Tribunal Administratif de Strasbourg — Décision N° TA67-2206084

mercredi 28 septembre 2022

JuridictionTribunal Administratif de Strasbourg
SectionTribunal Administratif de Strasbourg
N° DossierTA67-2206084
TypeDécision
RecoursExcès de pouvoir
PublicationC
FormationReconduite à la frontière
Avocat requérantAJILI-JUNG

Texte intégral

Vu la procédure suivante :

Par une requête et un mémoire, enregistrés respectivement les 15 et 27 septembre 2022, M. E G, représenté par Me Ajili-Jung, demande au tribunal, dans le dernier état de ses écritures :

1°) de lui accorder le bénéfice de l'aide juridictionnelle provisoire ;

2°) d'annuler l'arrêté du 13 septembre 2022 par lequel la préfète du Bas-Rhin a fixé le pays à destination duquel il est susceptible d'être reconduit d'office, en application de l'interdiction du territoire français pour une durée de cinq ans prononcée par le tribunal judiciaire de Strasbourg le 17 février 2022 ;

3°) de mettre à la charge de l'Etat une somme de 1 000 euros au bénéfice de son conseil en application des dispositions des articles L. 761-1 du code de justice administrative et 37 de la loi du 10 juillet 1991.

Il soutient que :

- la décision contestée est entachée d'un vice d'incompétence ;

- elle est insuffisamment motivée ;

- elle est entachée d'un défaut d'examen sérieux de sa situation personnelle ;

- il n'a pas été entendu avant l'intervention de la décision en litige, en méconnaissance du principe général du droit de l'Union européenne et du principe du respect des droits de la défense ;

- elle est entachée d'une erreur de droit ;

- elle a été prise en méconnaissance des stipulations de l'article 8 de la convention européenne de sauvegarde des droits de l'homme et des libertés fondamentales et est entachée d'une erreur manifeste d'appréciation, en ce qu'elle porte une atteinte excessive à son droit de mener une vie privée et familiale normale.

Par un mémoire en défense, enregistré le 19 septembre 2022, la préfète du Bas-Rhin conclut au rejet de la requête.

Elle soutient que les moyens soulevés par M. G ne sont pas fondés.

Vu les autres pièces du dossier.

Vu :

- la convention européenne de sauvegarde des droits de l'homme et des libertés fondamentales ;

- la charte des droits fondamentaux de l'Union européenne ;

- le code pénal ;

- le code de l'entrée et du séjour des étrangers et du droit d'asile ;

- le code des relations entre le public et l'administration ;

- la loi n° 91-647 du 10 juillet 1991 ;

- le décret n° 2020-1717 du 28 décembre 2020 ;

- le code de justice administrative.

Le président du tribunal a désigné M. D en application des dispositions de l'article L. 614-9 du code de l'entrée et du séjour des étrangers et du droit d'asile.

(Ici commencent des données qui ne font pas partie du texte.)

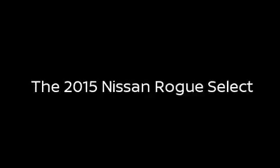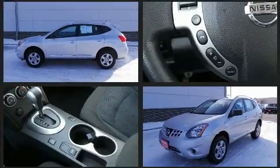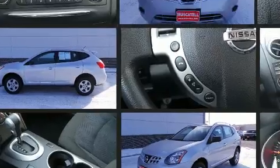You can expect a lot from the 2015 Nissan Rogue Select. It features a continuously variable transmission, all-wheel drive, and a 2.5-liter four-cylinder engine.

Les parties ont été régulièrement averties du jour de l'audience.

Ont été entendus au cours de l'audience publique :

- le rapport de M. Therre, magistrat désigné ;

- les observations de Me Ajili-Jung, avocate de M. G, qui conclut aux mêmes fins que la requête, par les mêmes moyens, et qui soutient, en outre, que la décision contestée est entachée d'une erreur de fait, l'intéressé étant de nationalité biélorusse et non polonaise ;

- les observations de M. G.

La préfète du Bas-Rhin n'était ni présente, ni représentée.

La clôture de l'instruction a été prononcée à l'issue de l'audience.

Considérant ce qui suit :

Sur la demande d'admission provisoire à l'aide juridictionnelle :

1. Aux termes de l'article 20 de la loi susvisée du 10 juillet 1991 : " Dans les cas d'urgence, sous réserve de l'appréciation des règles relatives aux commissions ou désignations d'office, l'admission provisoire à l'aide juridictionnelle peut être prononcée soit par le président du bureau ou de la section compétente du bureau d'aide juridictionnelle, soit par la juridiction compétente ou son président ". Aux termes de l'article 61 du décret du 28 décembre 2020 pris pour l'application de ces dispositions : " () / L'admission provisoire est accordée par le président du bureau ou de la section ou le président de la juridiction saisie, soit sur une demande présentée sans forme par l'intéressé, soit d'office si celui-ci a présenté une demande d'aide juridictionnelle ou d'aide à l'intervention de l'avocat sur laquelle il n'a pas encore été statué ". Il y a lieu, dans les circonstances de l'espèce et eu égard à l'urgence qui s'attache à ce qu'il soit statué sur la requête de M. G, de prononcer l'admission provisoire de l'intéressé à l'aide juridictionnelle.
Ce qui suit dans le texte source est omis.